-- Data section follows --

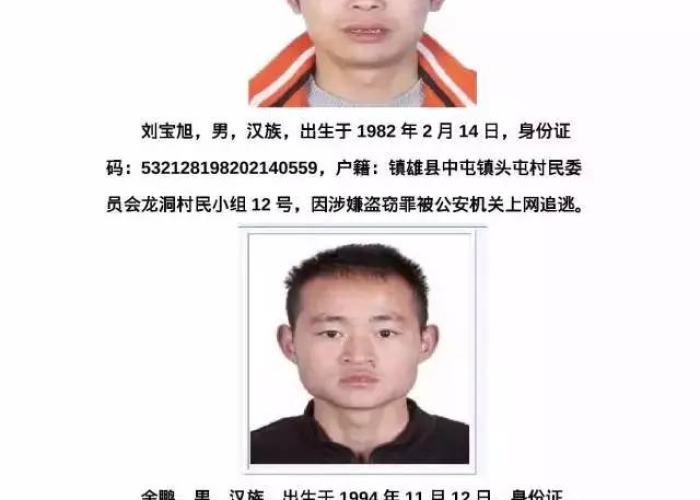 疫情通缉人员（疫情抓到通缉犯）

-- Data section concluded --
-- Data section follows --

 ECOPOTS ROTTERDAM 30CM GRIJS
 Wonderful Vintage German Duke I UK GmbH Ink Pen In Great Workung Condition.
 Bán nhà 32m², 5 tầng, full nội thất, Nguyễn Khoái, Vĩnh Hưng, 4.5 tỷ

-- Data section concluded --
-- Data section follows --

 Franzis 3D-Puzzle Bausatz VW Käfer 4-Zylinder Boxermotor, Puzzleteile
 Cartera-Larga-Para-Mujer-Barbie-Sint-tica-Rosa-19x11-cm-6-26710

-- Data section concluded --

Aim of the exercise
Retype exactly, and only, the lines above from the one where "Franzis 3D-Puzzle Bausatz" occurs up to and including the one where "Cartera-Larga-Para-Mujer-Barbie-Sint-tica-Rosa-19x11-cm-6-26710" occurs.

Response area
 Franzis 3D-Puzzle Bausatz VW Käfer 4-Zylinder Boxermotor, Puzzleteile
 Cartera-Larga-Para-Mujer-Barbie-Sint-tica-Rosa-19x11-cm-6-26710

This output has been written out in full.